Con Marco Girardello abbiamo lavorato per 1 anno a questo progetto, e finalmente nel gennaio 2021 abbiamo iniziato gli incontri con coloro che “volessero intraprendere un percorso disegnato in un progetto di Welfare”.
COSA E’ IL COUNSELING?
Il counseling è una relazione di auto-aiuto, che si focalizza sul qui&ora, e che lavora sulle dimensioni di okness, di consapevolezza, di autonomia e di libertà.
Bee.4 ha introdotto il Counseling nel programma di Welfare per i suoi soci-dipendenti. La cooperativa è arrivata prima di molte aziende che fanno del Welfare il loro fiore all’occhiello: con il percorso di Counseling, bee.4 ha voluto offrire uno spazio di ascolto e di accoglienza, per entrare in una relazione rispettosa non giudicante, di consapevolezza e di crescita in autonomia.
All’incontro di presentazione del progetto, il 18 dicembre 2020, erano presenti circa 40 soci-detenuti, e collegate da remoto eravamo presenti in 3 counselor: io, Cira Tattesi e Monica Pizzamiglio.
Hanno aderito a questa proposta 9 soci della cooperativa.
Da inizio gennaio 2021 gli incontri fra Counselor e Clienti si stanno svolgendo da remoto.
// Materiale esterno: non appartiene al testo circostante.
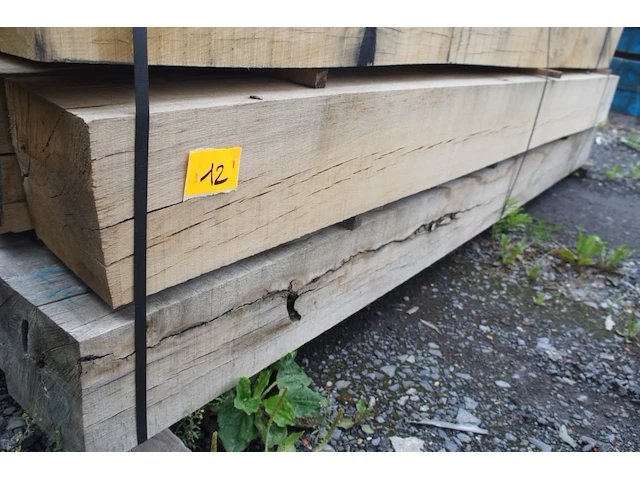 1 m³ eiken balken 200x200 - afbeelding 2 van  4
In pochi incontri si è sviluppata è una relazione potente e intima, senza giudizio e senza indagine per il passato, per il reato, per ciò può plasmarci, alle volte può soverchiarci, ma che non è più forte di noi.
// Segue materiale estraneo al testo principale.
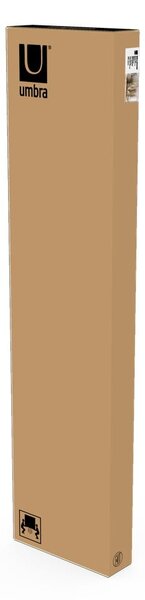 Set da corridoio in legno naturale di eucalipto bianco Bellwood - Umbra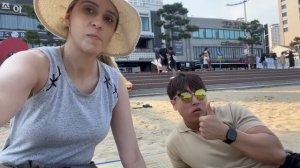 How my Korean Husband dates me on the Korean Beach (THIS IS THE REALITY!!)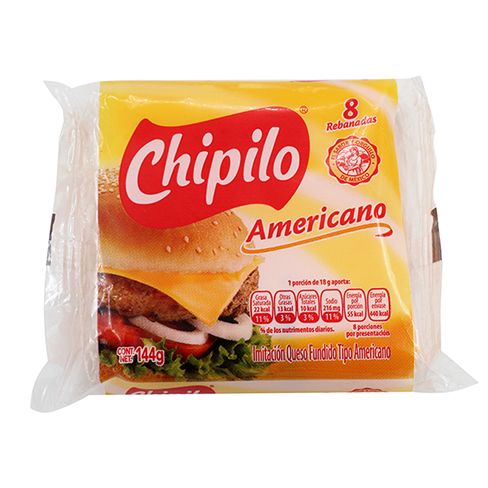 Queso Americano Chipilo 144Gr Ac                                                                    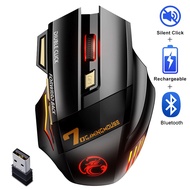 Wireless Gamer Mouse for Computer 2.4G RGB Rechargeable Gaming Mouse Bluetooth USB Mouse Silent Ergo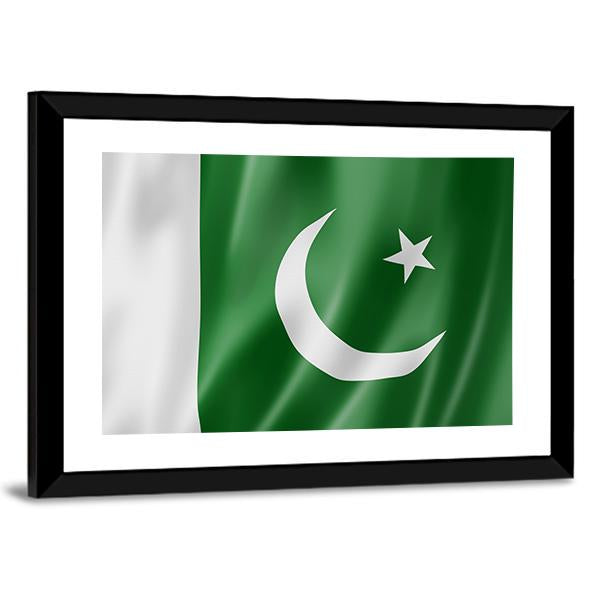Pakistan Flag Canvas Wall Art-5 Horizontal-Gallery Wrap-22" x 12"-Tiaracle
Gli appuntamenti, fissati ogni due settimane con l’aiuto della direzione, sono momenti di accoglienza.
QUALCHE COMMENTO DAI RAGAZZI COINVOLTI NEI PERCORSI
Abbiamo chiesto, a percorso avviato, alcuni commenti direttamente a loro, ai 9 ragazzi che si sono lanciati in questa avventura. Ecco, in maniera anonima, le loro parole.
“… il counseling si tratta di qualcosa fuori dagli schemi istituzionali e dunque che può regalare uno spazio diverso, una relazione nuova rispetto a quelle che siamo abituati a tenere…questa è basata su una conversazione a “briglia sciolta” con nessuno scopo secondario….unico fine trovarci un benessere proprio qualunque esso sia e un accrescimento interiore…
… ho potuto affrontare in soli due incontri molti più argomenti e riflessioni che con altri “colleghi” in anni di colloqui”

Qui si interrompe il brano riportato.